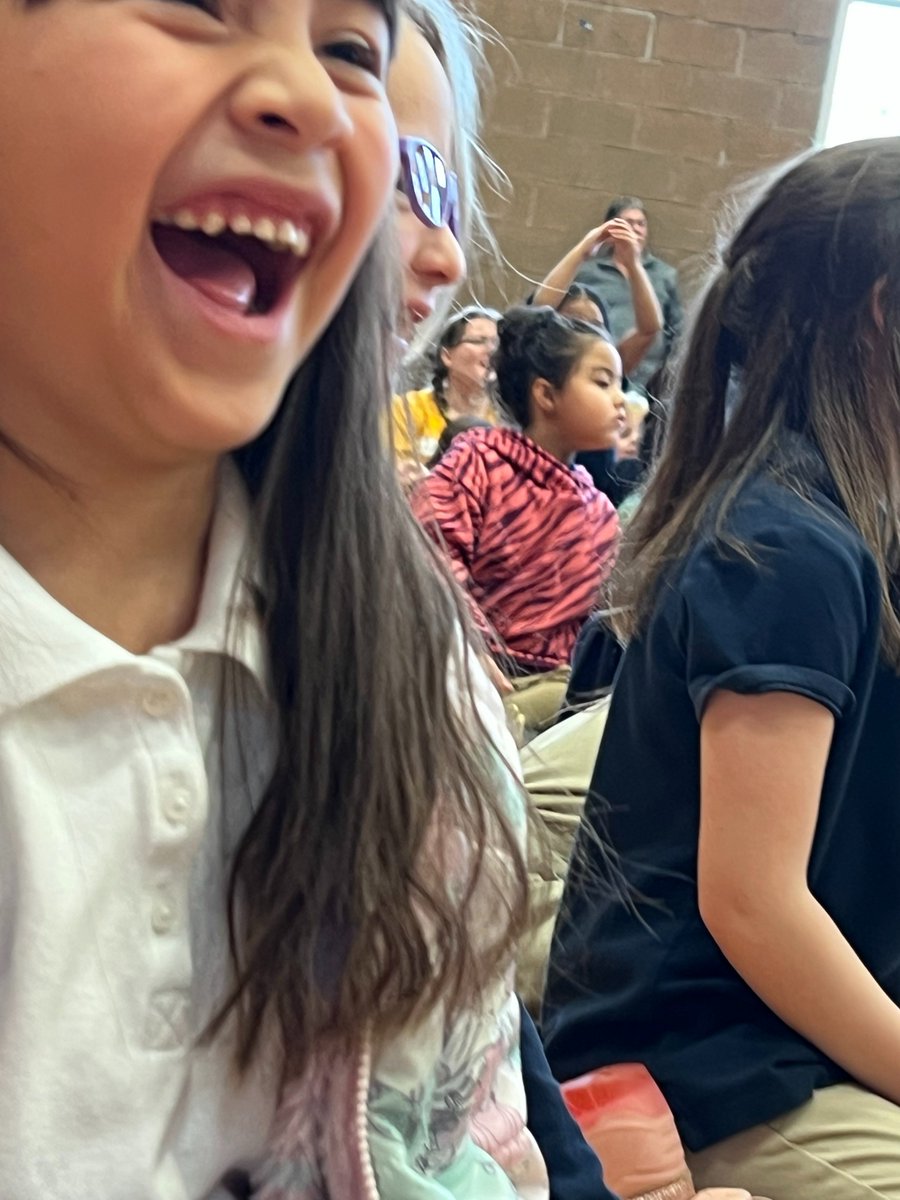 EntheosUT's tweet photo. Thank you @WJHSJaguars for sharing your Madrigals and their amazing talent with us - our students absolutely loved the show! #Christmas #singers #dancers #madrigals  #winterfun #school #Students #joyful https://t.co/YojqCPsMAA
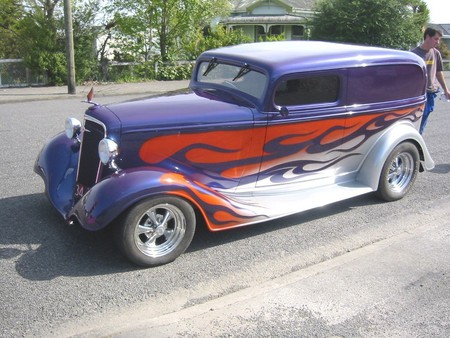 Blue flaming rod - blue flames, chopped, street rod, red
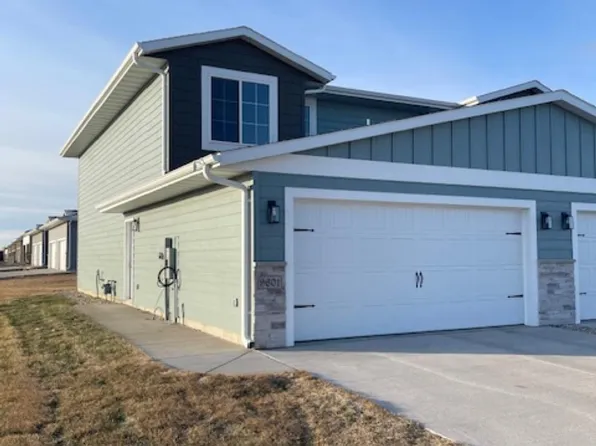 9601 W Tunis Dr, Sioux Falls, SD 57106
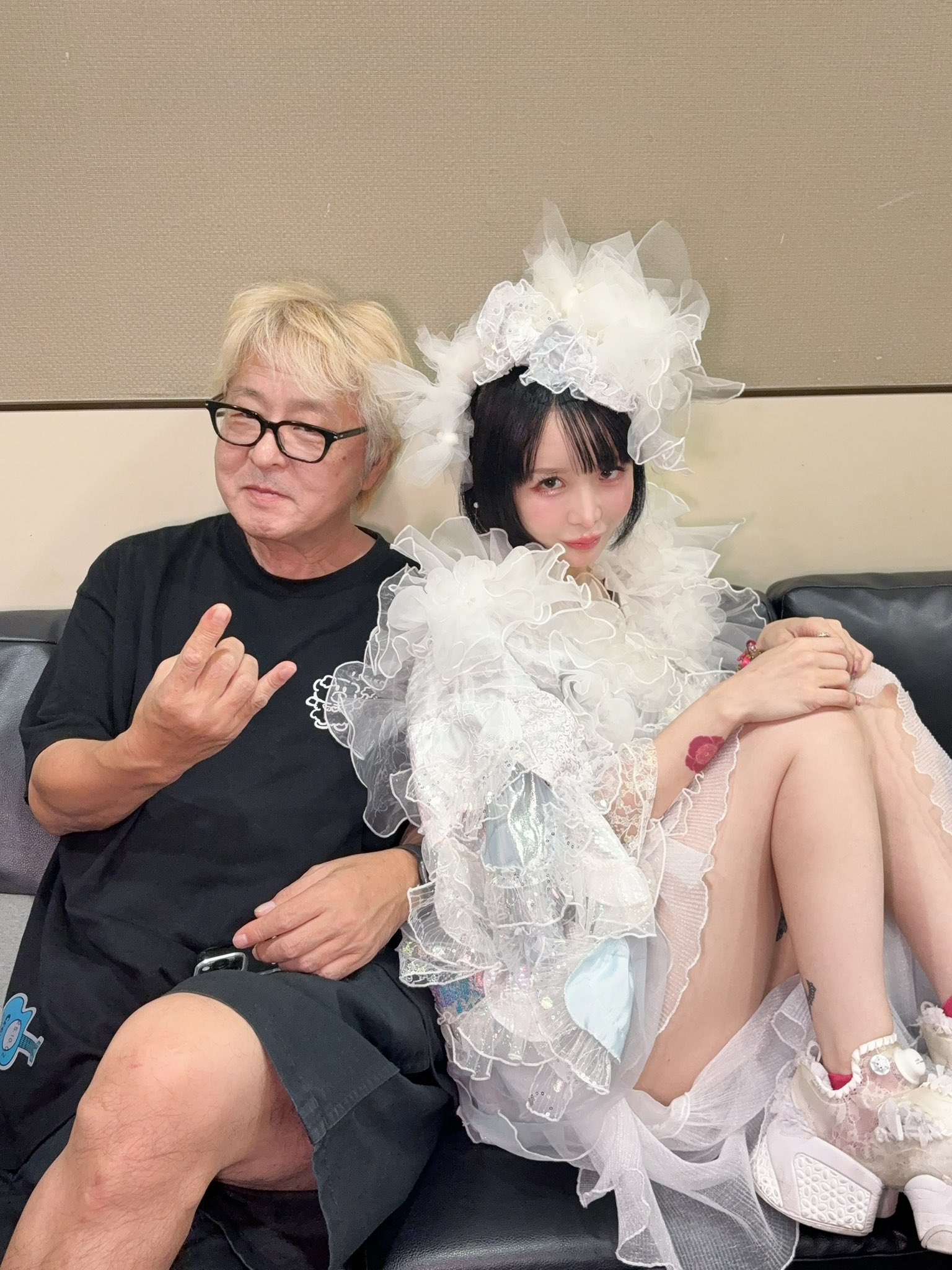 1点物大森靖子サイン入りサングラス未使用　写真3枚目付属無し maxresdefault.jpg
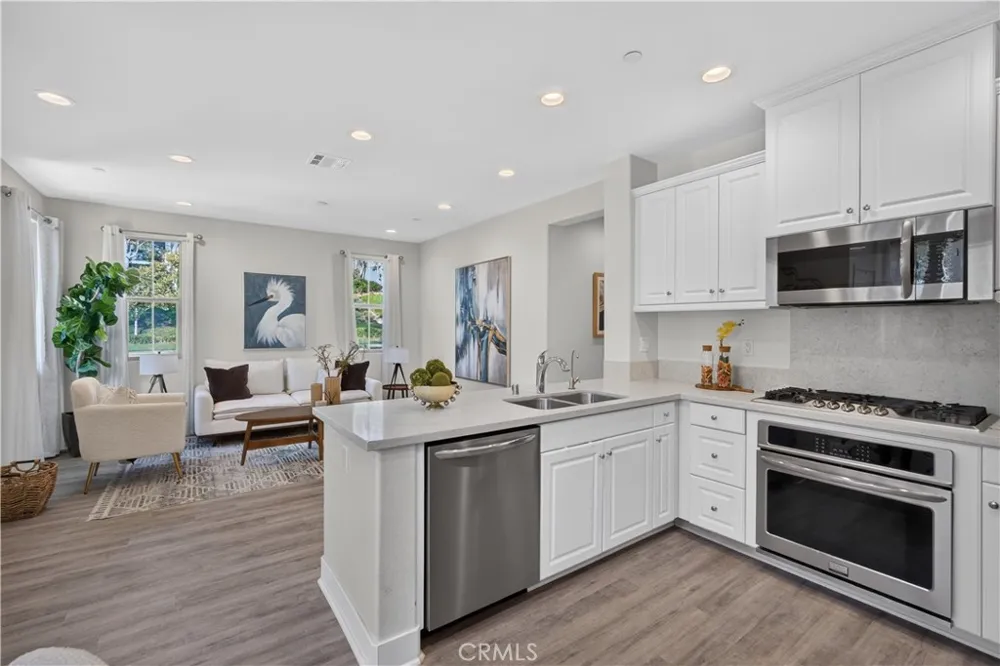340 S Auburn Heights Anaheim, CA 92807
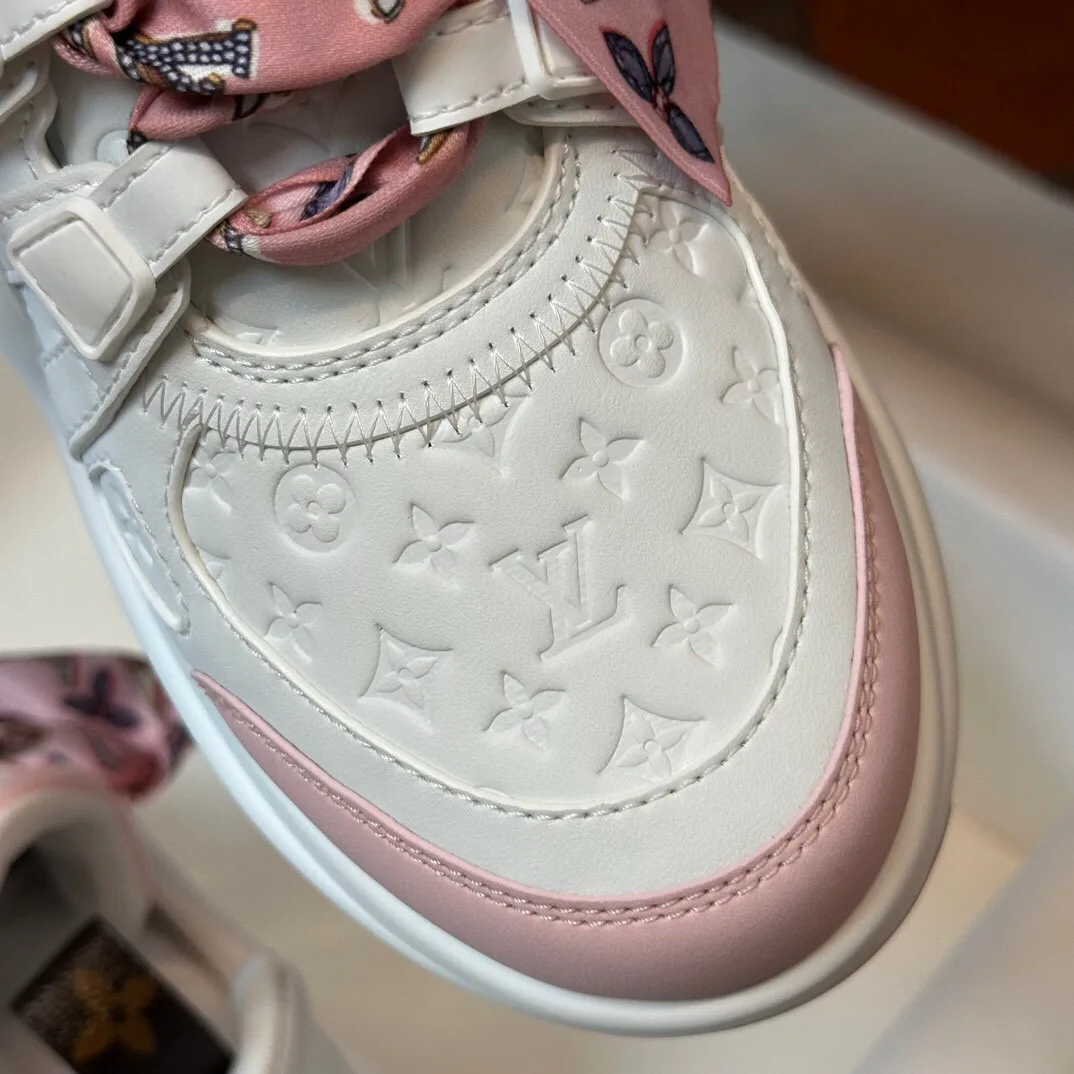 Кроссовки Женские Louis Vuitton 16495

**REQUIRED ACTION:**
All of the entries, apart from the pictures, must be returned exactly.

**RESPONSE AREA:**
 EntheosUT's tweet photo. Thank you @WJHSJaguars for sharing your Madrigals and their amazing talent with us - our students absolutely loved the show! #Christmas #singers #dancers #madrigals  #winterfun #school #Students #joyful https://t.co/YojqCPsMAA
 Blue flaming rod - blue flames, chopped, street rod, red
 9601 W Tunis Dr, Sioux Falls, SD 57106
 1点物大森靖子サイン入りサングラス未使用　写真3枚目付属無し maxresdefault.jpg
340 S Auburn Heights Anaheim, CA 92807
 Кроссовки Женские Louis Vuitton 16495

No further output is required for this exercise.